Explanation of key metrics:

  • container_last_seen: cAdvisor records a timestamp when a container is active.
  • container_memory_usage_bytes and container_spec_memory_limit_bytes: compare actual usage to the limit.
  • container_cpu_usage_seconds_total: cumulative CPU time; use rate() to get a per-second average.
  • absent(): fires when a metric disappears (e.g., container stops).

You can customize thresholds and intervals based on your workload. For containers with no memory limit, you may need to adjust the expression or use host-level metrics instead.

Visualizing Metrics with Grafana

While Prometheus provides a basic expression browser, Grafana offers a much richer dashboarding experience. To deploy Grafana alongside your stack, add this service to your docker-compose.yml:

  grafana:
    image: grafana/grafana:latest
    container_name: grafana
    ports:
      - "3000:3000"
    environment:
      - GF_SECURITY_ADMIN_PASSWORD=your_admin_password
    volumes:
      - grafana_data:/var/lib/grafana
    restart: unless-stopped

volumes:
  grafana_data:

After starting the stack, log into Grafana at http://localhost:3000 with admin / your_admin_password. Add a Prometheus data source pointing to http://prometheus:9090. Then import a community dashboard for Docker monitoring—for example, Dashboard 893 (cAdvisor exporter) or build your own panels using cAdvisor metrics.

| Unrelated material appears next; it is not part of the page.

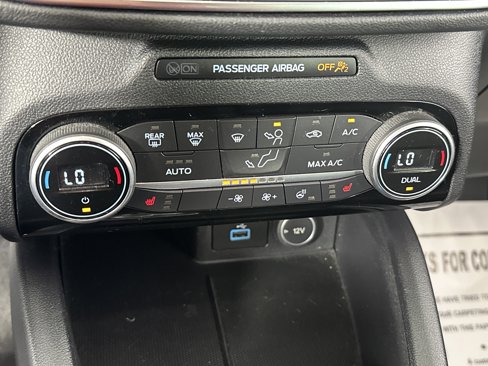 Used 2021 Ford Escape Titanium image 24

Best Practices for Production Monitoring

  1. Persist Prometheus data: Add a Docker volume mount for /prometheus in the Compose file to avoid losing metrics on container restarts.
  2. Use separate alert rules for critical vs. warning: Route critical alerts to pageable channels (email + SMS) and warnings to chat.
  3. Enable service discovery: If you run containers across multiple hosts, use Consul or the Docker SD provider to automatically update scrape targets.
  4. Set up a central Prometheus: For multi-node environments, consider a federated architecture where a global Prometheus collects from local instances.
  5. Monitor the monitors: Add a blackbox_exporter or self-monitoring alerts to know if Prometheus or Alertmanager become unreachable.
  6. Tune alert thresholds: Avoid alert fatigue by adjusting for durations and thresholds based on historical data.
  7. Secure endpoints: Use basic auth or OAuth2 for Prometheus and Alertmanager web UIs if exposed beyond localhost.

Troubleshooting Common Issues

cAdvisor not exposing metrics

Verify cAdvisor is running: curl http://localhost:8080/metrics. If empty, check the container logs: docker logs cadvisor. Common misconfigurations include missing volume mounts for /var/run/docker.sock or /sys.

Prometheus cannot scrape cAdvisor

Ensure the prometheus.yml target hostname matches the service name (cadvisor). If running on separate hosts, replace with the actual IP address. Check Prometheus targets at http://localhost:9090/targets.

Alerts not firing

Verify the rule file is correctly formatted YAML and loaded. Prometheus logs will show errors during startup. Check the Alerts page at http://localhost:9090/alerts to see the state of each rule. Also confirm Alertmanager is reachable (the “alerting” section in prometheus.yml).

Email notifications not sent

Test Alertmanager’s configuration by sending a test alert. Use amtool check-config alertmanager.yml to validate syntax. Check Alertmanager logs for SMTP connection errors.

Conclusion

Setting up Docker container health monitoring with Prometheus and Alertmanager provides a robust, scalable foundation for maintaining application reliability. By deploying cAdvisor to expose container metrics, scraping them with Prometheus, and routing alerts via Alertmanager, you gain real-time visibility into the health and performance of your containerized services. The stack is open-source, well-documented, and can be extended to cover host-level metrics, application-specific metrics, and multi-cluster environments.

Start with the Docker Compose template provided, customize the alert rules to your thresholds, and integrate Grafana for beautiful dashboards. With proper configuration, you will detect containers that are unresponsive, running out of memory, or consuming excessive CPU before they cause downtime. Proactive monitoring is an investment that pays off in reduced incident resolution time and improved system stability.